Samuel was a sprinter/jumper at Murray State University in Murray, Kentucky from 1991 to 1994; in 2004 she was selected for the Murray State Athletics Hall of Fame.  Her World Championships debut came in 1993, when she competed in 100 and 200 m at the 1993 World Championships. She did not reach the final in either event. In May that year she had achieved a career best time over the 100 m, clocking 11.20 seconds in Indianapolis. In May the next year she clocked a career best time of 23.20 over 200 metres in Atlanta.

In 1995 she became Central American and Caribbean Champion for the only time. She again competed in two events at the World Championships, again without reaching the final, and repeated this at the 1997 World Championships.
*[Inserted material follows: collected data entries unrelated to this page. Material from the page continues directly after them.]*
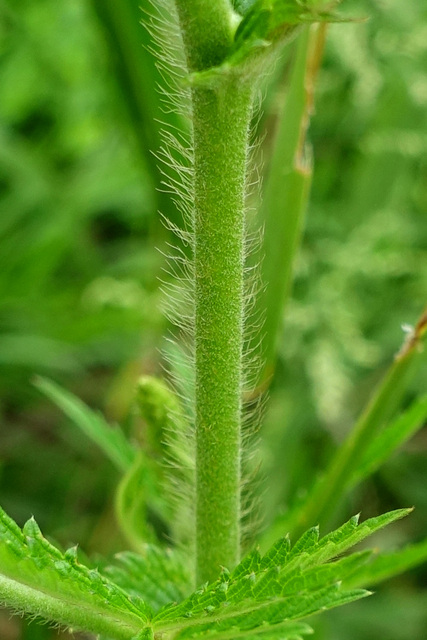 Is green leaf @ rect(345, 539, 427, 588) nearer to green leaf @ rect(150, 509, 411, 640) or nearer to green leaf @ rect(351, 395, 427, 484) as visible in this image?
green leaf @ rect(351, 395, 427, 484)

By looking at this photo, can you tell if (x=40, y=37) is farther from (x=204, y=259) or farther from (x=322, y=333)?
(x=204, y=259)

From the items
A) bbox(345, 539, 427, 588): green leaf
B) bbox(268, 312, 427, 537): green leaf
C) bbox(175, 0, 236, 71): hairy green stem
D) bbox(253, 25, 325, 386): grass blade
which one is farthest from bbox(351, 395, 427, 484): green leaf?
bbox(175, 0, 236, 71): hairy green stem

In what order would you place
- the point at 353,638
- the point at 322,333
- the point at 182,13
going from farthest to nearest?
the point at 322,333, the point at 353,638, the point at 182,13

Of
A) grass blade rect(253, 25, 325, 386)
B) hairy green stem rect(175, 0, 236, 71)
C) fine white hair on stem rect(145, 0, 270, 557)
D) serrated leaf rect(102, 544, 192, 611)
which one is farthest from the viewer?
grass blade rect(253, 25, 325, 386)

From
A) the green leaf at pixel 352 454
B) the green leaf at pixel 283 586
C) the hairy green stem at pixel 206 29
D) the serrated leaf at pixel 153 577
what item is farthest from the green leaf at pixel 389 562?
the hairy green stem at pixel 206 29

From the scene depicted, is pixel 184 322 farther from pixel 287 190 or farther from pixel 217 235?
pixel 287 190

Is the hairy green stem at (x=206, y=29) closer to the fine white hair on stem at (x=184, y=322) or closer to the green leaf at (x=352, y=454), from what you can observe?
the fine white hair on stem at (x=184, y=322)

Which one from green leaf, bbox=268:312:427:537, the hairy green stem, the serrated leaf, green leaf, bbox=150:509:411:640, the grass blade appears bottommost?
green leaf, bbox=150:509:411:640

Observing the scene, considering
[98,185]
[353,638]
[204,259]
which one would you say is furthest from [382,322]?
[204,259] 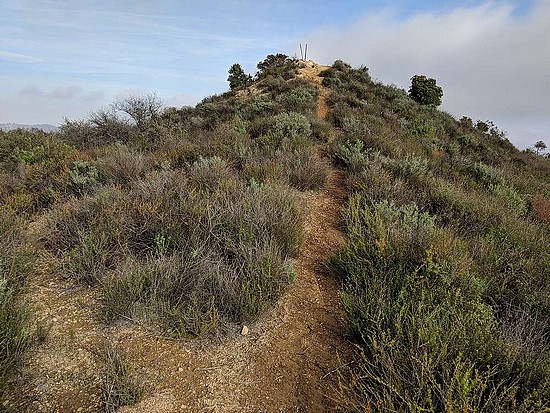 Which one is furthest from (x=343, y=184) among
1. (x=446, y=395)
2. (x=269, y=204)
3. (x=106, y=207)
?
(x=446, y=395)

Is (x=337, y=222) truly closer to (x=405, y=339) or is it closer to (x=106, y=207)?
(x=405, y=339)

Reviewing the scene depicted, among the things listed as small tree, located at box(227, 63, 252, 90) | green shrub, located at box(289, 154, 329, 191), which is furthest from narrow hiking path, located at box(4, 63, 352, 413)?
small tree, located at box(227, 63, 252, 90)

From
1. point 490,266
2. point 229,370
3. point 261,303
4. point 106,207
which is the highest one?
point 106,207

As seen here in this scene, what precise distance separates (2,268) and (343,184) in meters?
5.70

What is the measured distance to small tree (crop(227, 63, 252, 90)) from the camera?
26.7 m

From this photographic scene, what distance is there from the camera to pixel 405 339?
254 cm

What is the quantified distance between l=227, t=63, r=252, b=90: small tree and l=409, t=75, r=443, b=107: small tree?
12398 millimetres

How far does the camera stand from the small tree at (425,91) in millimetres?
21844

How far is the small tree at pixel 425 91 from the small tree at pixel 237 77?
40.7 feet

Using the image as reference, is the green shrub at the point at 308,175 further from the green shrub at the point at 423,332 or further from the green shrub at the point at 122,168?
the green shrub at the point at 122,168

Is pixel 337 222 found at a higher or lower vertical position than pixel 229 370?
higher

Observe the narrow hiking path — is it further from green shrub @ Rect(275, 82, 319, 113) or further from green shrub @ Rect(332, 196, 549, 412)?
green shrub @ Rect(275, 82, 319, 113)

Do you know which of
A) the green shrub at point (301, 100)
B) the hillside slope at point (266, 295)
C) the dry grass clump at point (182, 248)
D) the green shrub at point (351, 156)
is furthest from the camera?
the green shrub at point (301, 100)

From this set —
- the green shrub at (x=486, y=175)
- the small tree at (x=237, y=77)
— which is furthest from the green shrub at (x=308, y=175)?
the small tree at (x=237, y=77) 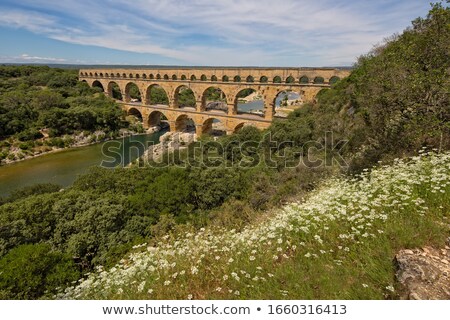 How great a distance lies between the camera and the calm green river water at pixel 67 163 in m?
22.9

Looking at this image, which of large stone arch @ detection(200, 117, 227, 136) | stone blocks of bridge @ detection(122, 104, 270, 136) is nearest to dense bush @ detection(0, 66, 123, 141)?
stone blocks of bridge @ detection(122, 104, 270, 136)

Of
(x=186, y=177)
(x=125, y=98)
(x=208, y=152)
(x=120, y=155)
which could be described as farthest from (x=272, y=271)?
(x=125, y=98)

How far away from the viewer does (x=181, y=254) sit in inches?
Answer: 151

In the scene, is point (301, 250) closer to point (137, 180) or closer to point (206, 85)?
point (137, 180)

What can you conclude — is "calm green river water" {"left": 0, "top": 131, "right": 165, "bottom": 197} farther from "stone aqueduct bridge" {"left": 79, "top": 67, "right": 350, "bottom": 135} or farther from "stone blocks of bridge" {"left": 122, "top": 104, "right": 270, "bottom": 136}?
"stone aqueduct bridge" {"left": 79, "top": 67, "right": 350, "bottom": 135}

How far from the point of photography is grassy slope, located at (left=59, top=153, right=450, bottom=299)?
2.89m

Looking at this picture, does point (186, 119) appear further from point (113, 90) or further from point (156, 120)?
point (113, 90)

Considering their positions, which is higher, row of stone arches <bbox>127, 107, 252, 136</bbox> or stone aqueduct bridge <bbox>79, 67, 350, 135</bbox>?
stone aqueduct bridge <bbox>79, 67, 350, 135</bbox>

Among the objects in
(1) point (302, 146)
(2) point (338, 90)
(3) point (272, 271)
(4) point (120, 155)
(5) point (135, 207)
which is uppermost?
(2) point (338, 90)

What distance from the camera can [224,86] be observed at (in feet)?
99.9

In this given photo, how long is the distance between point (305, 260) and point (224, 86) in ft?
94.1

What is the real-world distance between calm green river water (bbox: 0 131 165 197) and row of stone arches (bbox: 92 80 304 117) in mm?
7386

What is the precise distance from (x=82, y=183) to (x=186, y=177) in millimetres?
5138

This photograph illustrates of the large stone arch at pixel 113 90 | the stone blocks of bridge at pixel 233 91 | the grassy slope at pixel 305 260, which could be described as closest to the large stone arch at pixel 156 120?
the stone blocks of bridge at pixel 233 91
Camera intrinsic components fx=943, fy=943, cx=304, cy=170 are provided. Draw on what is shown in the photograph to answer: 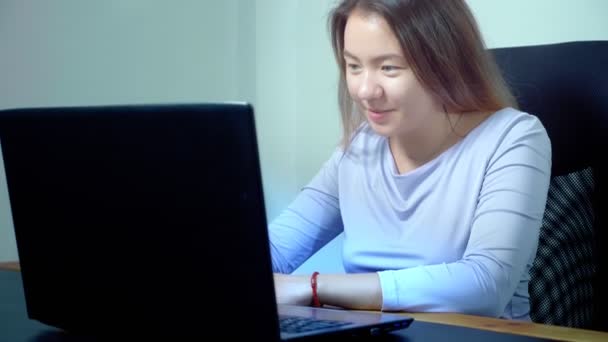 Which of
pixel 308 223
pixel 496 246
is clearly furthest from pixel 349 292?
pixel 308 223

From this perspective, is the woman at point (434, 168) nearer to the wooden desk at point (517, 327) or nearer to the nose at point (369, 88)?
the nose at point (369, 88)

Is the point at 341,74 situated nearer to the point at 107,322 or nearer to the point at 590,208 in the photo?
the point at 590,208

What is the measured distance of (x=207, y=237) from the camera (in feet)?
2.43

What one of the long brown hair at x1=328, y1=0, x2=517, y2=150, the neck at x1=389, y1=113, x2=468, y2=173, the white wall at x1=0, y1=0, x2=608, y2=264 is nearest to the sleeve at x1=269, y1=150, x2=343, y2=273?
the neck at x1=389, y1=113, x2=468, y2=173

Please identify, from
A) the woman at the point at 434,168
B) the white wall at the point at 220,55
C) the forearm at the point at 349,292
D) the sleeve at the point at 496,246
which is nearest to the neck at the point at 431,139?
the woman at the point at 434,168

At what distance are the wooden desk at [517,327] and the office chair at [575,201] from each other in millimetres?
448

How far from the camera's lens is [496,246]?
1.23 metres

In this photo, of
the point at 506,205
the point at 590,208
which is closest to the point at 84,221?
the point at 506,205

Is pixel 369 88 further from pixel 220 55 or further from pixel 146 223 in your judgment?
pixel 220 55

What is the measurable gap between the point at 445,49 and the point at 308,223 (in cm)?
37

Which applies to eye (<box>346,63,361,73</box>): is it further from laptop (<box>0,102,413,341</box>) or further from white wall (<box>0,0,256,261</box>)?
white wall (<box>0,0,256,261</box>)

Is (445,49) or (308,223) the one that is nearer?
(445,49)

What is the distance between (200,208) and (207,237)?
0.9 inches

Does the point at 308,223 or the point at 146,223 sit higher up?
the point at 146,223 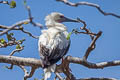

In 1999 she made her debut at the World Indoor Championships, and only competed in the 100 metres at the World Championships the same year. She competed in the 100 m as well as her last world-level 200 m at the 2000 Summer Olympics, and in the 60 m at the 2001 World Indoor Championships, again without reaching the final round. However, she repeated her success from 1990 at the Central American and Caribbean Games, once again winning a silver and a bronze medal.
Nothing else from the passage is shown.